# Solved: CD/DVD drive causing blue screen of death



## 2talll (May 1, 2004)

When I try using the drive to import music off a CD or to play a DVD after a few minutes the system crashed. Any ideas why?


----------



## etaf (Oct 2, 2003)

do you get the stop code and any filenames on the bluescreen.
as a guess it maybe a video driver, however, would be good to know the errors above


----------



## 2talll (May 1, 2004)

Can't read what the screen says before the computer shuts off. Would reading the technical info that it puts in the temp folder following the shut down be of any help? I can check that tonight- I'm off to work.


----------



## etaf (Oct 2, 2003)

does it reboot - theres a setting to alter that.

goto
control panel>
system>
advanced tab>
startup and recovery - settings>
under the title - system failure
untick - automatically restart


----------



## 2talll (May 1, 2004)

OK, I'll fix that and when it happens again, I'll see what it says. Thanks


----------



## etaf (Oct 2, 2003)

you need to set that condition up before it happens - so instead of flashing a blue screen and then rebooting, it will stop with just the blue screen displayed and then you need to manually reboot/switch off


----------



## 2talll (May 1, 2004)

Yeah, I know. I already changed it so when I'm messing around with CDs tonight I'll see if it happens again.
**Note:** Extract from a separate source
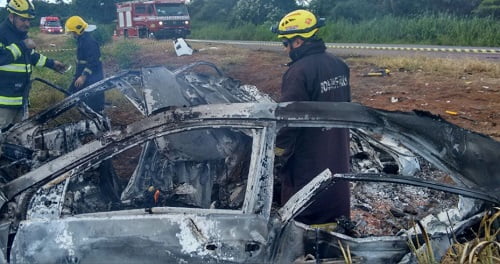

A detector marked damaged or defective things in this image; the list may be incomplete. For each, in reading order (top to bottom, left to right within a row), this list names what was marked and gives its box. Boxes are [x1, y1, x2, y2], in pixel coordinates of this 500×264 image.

charred metal debris [0, 61, 498, 262]
burned car wreck [0, 62, 500, 262]
burnt vehicle frame [0, 63, 500, 262]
This mght sound like a dumb question, but if it's the video driver itself wouldn't the same thing happen when I am burning DVDs? I can burn them fine- it's only when the DVD info is being transferred to my hard drive or played and when the CD's songs are being imported. Not to smart when it comes to the inside of the computer.


----------



## etaf (Oct 2, 2003)

it was just a guess - we should know more on the stop code and hopefully a filename


----------



## 2talll (May 1, 2004)

Ok, it just happened again. I was trying to back up a DVD for my brother and while DVDShrink was doing tha analizing it crashed.

Here's what the blue screen said: 
A problem has occured..........windows shut down to prevent damage.........

DRIVE_IQRL_NOT_LESS_OR_EQUAL

Tech info:
STOP: 0x000000D1 (0x0000000c, 0x0000000z, 0x00000000, 0xf7e32424)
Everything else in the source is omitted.